A claim against HSBC for allegedly misusing confidential information about currency trades more than 15 years ago is time barred, the High Court has ruled.
Specialist currency debt management firm ECU Group sued a number of entities within the HSBC Group over allegations that traders used knowledge of ECU’s foreign exchange orders to make a profit between 2004 and 2006, in a practice known as ‘front running’.
ECU also claimed HSBC breached its instruction not to trade ahead of certain FX orders, wrongfully added a margin to the rate at which they traded in the market and that certain traders wrongfully traded on their own account with knowledge of ECU’s orders.
At a trial on liability in June and July, ECU’s lawyers argued there had been ‘widespread misconduct’ on the part of HSBC and its FX traders and that there was a ‘culture of impunity’ at HSBC’s London trading desk, which was denied.

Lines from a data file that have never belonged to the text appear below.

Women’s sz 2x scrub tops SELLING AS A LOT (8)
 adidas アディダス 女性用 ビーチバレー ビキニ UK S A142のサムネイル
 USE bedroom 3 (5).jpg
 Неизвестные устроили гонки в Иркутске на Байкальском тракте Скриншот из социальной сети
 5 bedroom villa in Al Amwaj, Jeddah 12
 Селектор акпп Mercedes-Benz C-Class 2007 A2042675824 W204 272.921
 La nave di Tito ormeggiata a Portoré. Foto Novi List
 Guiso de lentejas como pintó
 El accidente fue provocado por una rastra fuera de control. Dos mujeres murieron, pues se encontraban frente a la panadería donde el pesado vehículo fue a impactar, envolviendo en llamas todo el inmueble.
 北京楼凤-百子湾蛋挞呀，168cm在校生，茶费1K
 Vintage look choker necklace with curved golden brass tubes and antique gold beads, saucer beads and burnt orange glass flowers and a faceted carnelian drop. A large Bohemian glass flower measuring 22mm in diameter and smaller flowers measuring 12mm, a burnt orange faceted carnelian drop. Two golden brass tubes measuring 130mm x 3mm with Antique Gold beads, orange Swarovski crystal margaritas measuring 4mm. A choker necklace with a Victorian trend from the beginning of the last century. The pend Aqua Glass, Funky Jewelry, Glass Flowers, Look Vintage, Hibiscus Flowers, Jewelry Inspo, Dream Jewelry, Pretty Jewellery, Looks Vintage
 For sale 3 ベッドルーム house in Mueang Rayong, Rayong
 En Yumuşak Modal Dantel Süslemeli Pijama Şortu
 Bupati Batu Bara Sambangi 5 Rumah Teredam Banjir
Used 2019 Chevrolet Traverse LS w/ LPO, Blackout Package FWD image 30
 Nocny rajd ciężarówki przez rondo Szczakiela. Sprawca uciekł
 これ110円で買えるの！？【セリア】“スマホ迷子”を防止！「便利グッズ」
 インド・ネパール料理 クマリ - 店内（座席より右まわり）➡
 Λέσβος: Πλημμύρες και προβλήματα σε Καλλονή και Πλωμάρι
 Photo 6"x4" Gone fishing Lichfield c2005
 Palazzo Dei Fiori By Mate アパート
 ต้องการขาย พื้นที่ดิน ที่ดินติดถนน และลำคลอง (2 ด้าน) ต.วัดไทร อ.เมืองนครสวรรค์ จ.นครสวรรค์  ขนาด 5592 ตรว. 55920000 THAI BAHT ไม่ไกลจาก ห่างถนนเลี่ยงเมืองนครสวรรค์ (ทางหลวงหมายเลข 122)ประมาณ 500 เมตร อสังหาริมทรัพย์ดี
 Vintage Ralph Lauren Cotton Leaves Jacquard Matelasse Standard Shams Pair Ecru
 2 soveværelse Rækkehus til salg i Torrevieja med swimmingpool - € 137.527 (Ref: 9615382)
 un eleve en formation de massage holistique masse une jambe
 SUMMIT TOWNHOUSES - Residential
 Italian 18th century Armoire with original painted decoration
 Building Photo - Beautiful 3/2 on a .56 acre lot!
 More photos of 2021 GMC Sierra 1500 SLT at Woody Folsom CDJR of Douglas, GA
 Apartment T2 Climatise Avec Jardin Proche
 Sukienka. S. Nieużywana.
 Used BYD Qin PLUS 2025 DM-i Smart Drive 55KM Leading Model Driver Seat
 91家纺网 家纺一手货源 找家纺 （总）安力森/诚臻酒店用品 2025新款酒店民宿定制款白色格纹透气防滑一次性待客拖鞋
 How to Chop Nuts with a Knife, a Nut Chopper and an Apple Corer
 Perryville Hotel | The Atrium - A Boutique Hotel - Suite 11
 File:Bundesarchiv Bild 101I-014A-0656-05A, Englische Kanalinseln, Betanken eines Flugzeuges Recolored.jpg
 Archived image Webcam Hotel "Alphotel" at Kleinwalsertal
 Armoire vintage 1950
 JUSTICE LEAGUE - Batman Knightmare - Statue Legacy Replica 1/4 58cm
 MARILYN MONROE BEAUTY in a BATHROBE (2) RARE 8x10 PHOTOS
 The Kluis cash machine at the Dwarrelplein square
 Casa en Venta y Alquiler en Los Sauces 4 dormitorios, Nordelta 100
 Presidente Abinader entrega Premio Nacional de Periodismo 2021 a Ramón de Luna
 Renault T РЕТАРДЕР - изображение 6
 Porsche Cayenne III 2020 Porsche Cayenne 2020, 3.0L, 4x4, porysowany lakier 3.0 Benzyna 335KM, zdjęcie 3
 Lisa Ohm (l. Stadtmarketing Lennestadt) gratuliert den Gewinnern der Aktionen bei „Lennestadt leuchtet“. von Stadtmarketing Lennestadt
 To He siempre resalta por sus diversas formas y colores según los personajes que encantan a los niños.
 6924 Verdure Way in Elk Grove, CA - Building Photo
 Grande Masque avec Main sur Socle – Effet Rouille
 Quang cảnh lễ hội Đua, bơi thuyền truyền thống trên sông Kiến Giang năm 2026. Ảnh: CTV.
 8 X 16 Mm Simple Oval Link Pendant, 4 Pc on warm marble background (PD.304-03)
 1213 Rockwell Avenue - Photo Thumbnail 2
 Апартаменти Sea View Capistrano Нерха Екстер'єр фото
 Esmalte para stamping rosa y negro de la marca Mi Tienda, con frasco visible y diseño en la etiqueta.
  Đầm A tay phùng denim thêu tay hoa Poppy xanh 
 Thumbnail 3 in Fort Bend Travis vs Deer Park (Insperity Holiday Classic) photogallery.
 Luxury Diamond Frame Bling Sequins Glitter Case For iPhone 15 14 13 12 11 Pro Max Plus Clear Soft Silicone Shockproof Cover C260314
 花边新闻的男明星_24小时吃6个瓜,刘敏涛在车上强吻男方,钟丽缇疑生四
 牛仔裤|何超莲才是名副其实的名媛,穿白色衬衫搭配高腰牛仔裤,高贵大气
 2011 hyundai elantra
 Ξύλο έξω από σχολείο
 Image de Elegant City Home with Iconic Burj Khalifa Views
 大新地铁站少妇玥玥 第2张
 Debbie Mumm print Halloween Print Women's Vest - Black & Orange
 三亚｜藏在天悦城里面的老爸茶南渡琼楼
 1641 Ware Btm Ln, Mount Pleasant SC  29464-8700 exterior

Giving judgment in ECU Group PLC v HSBC Bank PLC and others today, Mrs Justice Moulder held that ECU’s claims were time barred as the company had ‘sufficient knowledge’ to plead its case in 2006.
In relation to the front running claims, the judge said that ‘the inference of dishonest front running could have been pleaded in 2006’. Similarly, ECU had ‘sufficient knowledge’ to plead its case on allegations of adding a margin and breach of confidence in the same year.
Moulder said her ruling does not address ‘the more colourful submissions which were made on behalf of ECU’ – including an assertion of ‘lax moral standards’ at HSBC – which she held ‘were neither pleaded nor did they have any real evidential basis’.